-- YOUR OBJECTIVE --
Some entries follow. Reproduce exactly the lines starting at the one with "woman doing yoga on a mat" and stopping after the one with "波尔托罗Casa Rossa Apartment的草地上的两把椅子和一张桌子".

-- INPUT --
=====
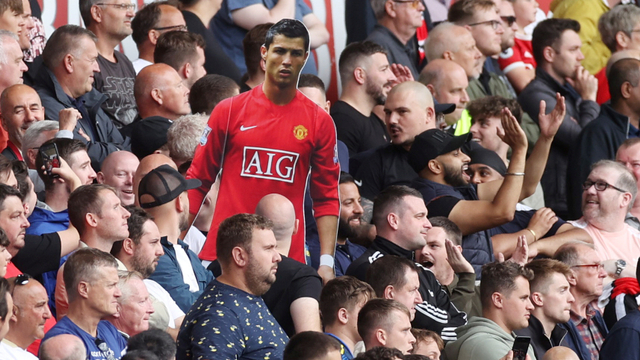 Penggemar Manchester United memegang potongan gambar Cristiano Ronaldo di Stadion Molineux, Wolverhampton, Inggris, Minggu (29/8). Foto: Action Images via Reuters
=====
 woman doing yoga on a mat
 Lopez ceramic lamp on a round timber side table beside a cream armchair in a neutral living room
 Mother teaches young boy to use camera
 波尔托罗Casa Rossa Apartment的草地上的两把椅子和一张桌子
=====
-- OUTPUT FOR THIS EXERCISE --
 woman doing yoga on a mat
 Lopez ceramic lamp on a round timber side table beside a cream armchair in a neutral living room
 Mother teaches young boy to use camera
 波尔托罗Casa Rossa Apartment的草地上的两把椅子和一张桌子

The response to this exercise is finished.